Sono stata una lettrice fortissima. Prima di iniziare a scrivere (parliamo di circa 4 anni fa), leggevo decine di libri all’anno. Mi piaceva di tutto ed ero una fan di King. A oggi, prediligo sempre l’horror e in seconda istanza i thriller, ma non disdegno nulla perché l’importante è la qualità dell’intreccio reso con un certo stile, prima che il genere di appartenenza. Allo stesso modo, mi piace scrivere di tutto perchè le situazioni che mi ispirano hanno varia natura e se mi intrigano questo spesso accade indipendentemente. Oggi leggo molto ma molto meno, sia per mancanza di tempo sia perché sono diventata pretenziosa. Dunque mi basta poco per smettere se la storia mi pare poco originale come pure se il capitolo che ho scorso presenta ripetizioni di termini e di concetti. Inoltre godo di meno del piacere della lettura a sé stante proprio perchè non riesco a immedesimarmi e rinunciare all’occhio critico. In altre parole, sto pagando un caro prezzo per la mia attività di scribacchina pignola e di editor (con Amarganta).

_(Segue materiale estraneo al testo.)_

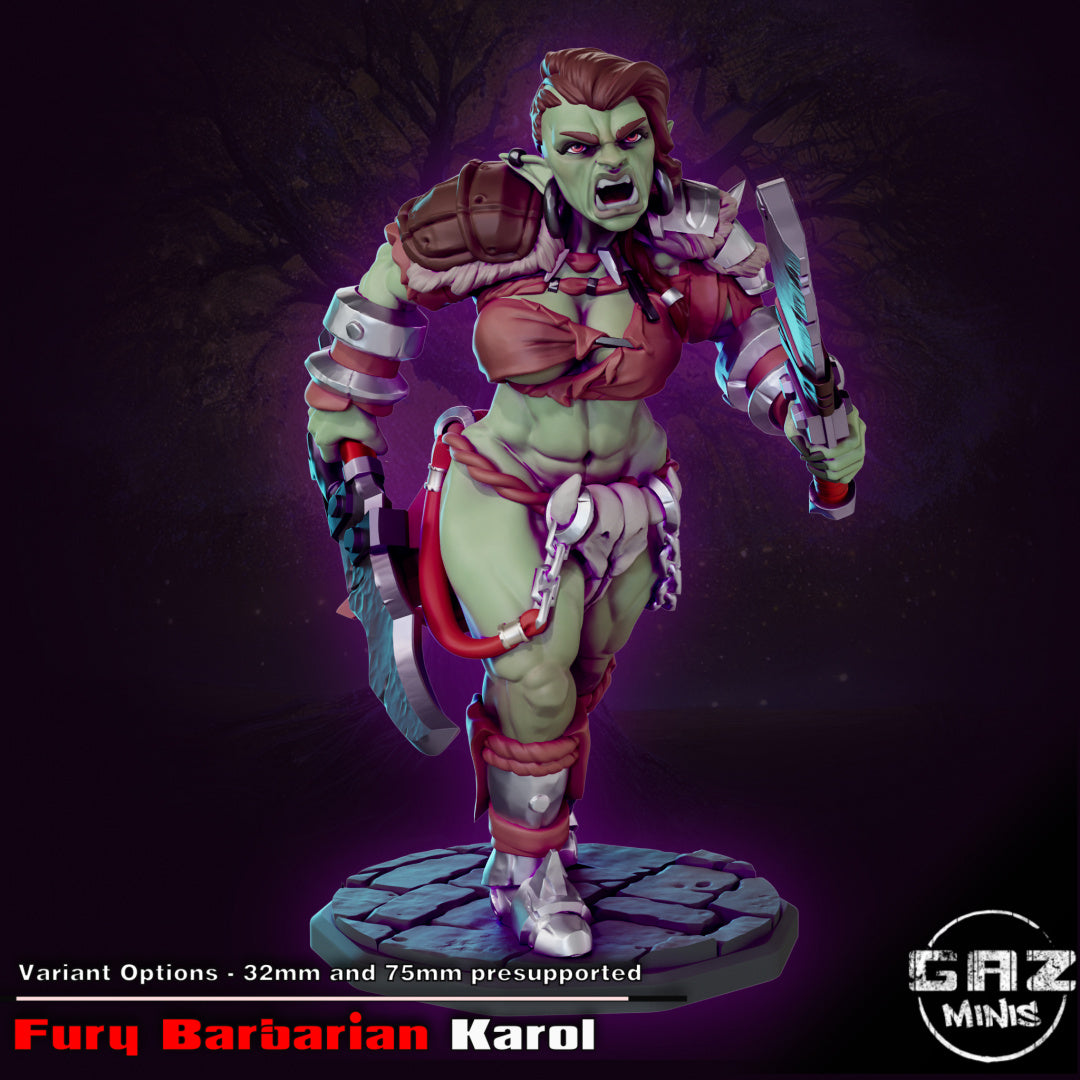 Karol, Fury Fighter/Barbarian from GAZ Minis (April 2023 release)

Di gran voga alla fine degli Anni Novanta, più recentemente messi al bando da molte polemiche in rete e non solo: cosa puoi dire dei corsi di scrittura creativa che proliferano un po’ ovunque? Sei favorevole, o contrario?

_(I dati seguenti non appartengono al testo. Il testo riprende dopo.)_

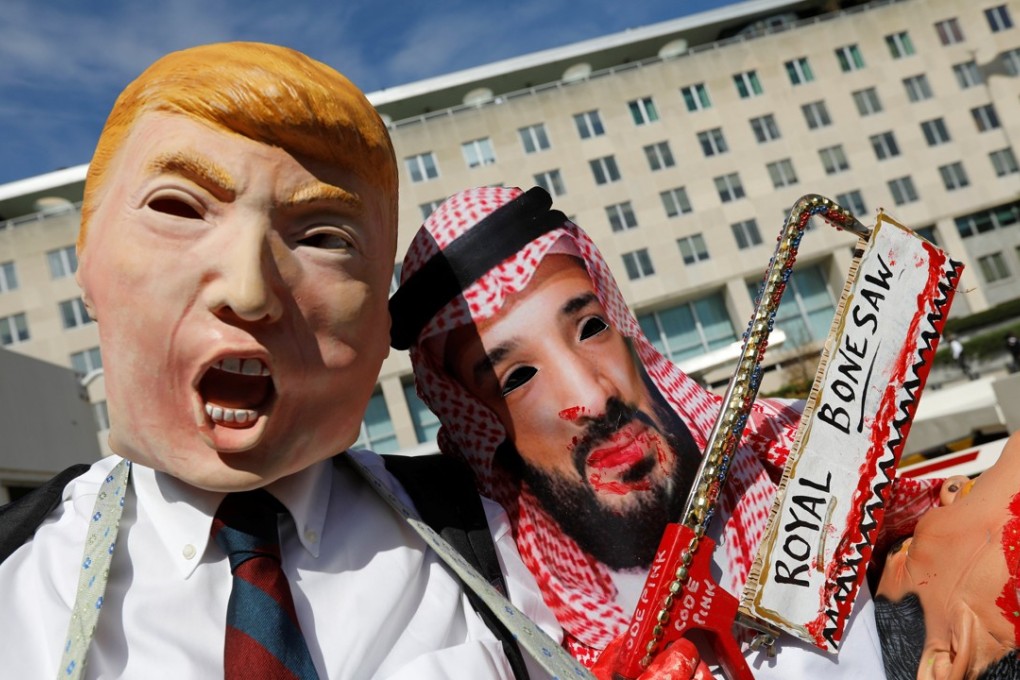 Protesters dressed as Donald Trump and Mohammad bin Salman participate in a demonstration in front of the US State Department calling for sanctions against Saudi Arabia. Photo: Reuters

Dipende da chi tiene il corso di scrittura. Non mi interessa che sia un bravo editor o un bravo traduttore o un bravo professionista di un ramo qualsiasi dell’editoria o che abbia scritto un romanzo dieci anni fa. Deve trattarsi di uno scrittore ancora attivo, capace di dar vita a trame valide con uno stile pulito. In quest’ultimo caso troverei di valore anche il confronto non necessariamente supportato da una didattica infallibile.

Dei tuoi romanzi precedenti, ce n’è uno che prediligi e senti più tuo? Se sì, qual è? Vuoi descrivercelo e parlarci delle emozioni che ti ha suscitato scriverlo?

Senz’altro Il volo di carta, il primo romanzo che ho scritto al costo di due anni e mezzo di lavoro, la palestra che mi ha consentito di vedere quanto avrei fatto dopo… in discesa. Ha un linguaggio distante anni luce dallo stile a cui sono approdata oggi (e ciò nonostante ho avuto molte critiche favorevoli), ma  appena tornerò in possesso dei diritti ceduti a una casa editrice, lo “ammodernerò” opportunamente. Si tratta di una storia complessa, con molti colpi di scena; far muovere I personaggi in modo da creare un intreccio variegato prendendomi tutto il tempo necessario (si tratta di oltre settecento cartelle) mi ha esaltato e trascinato, spingendomi molte volte a fare l’alba. Oggi non avrei più il coraggio di concedermi un simile lusso.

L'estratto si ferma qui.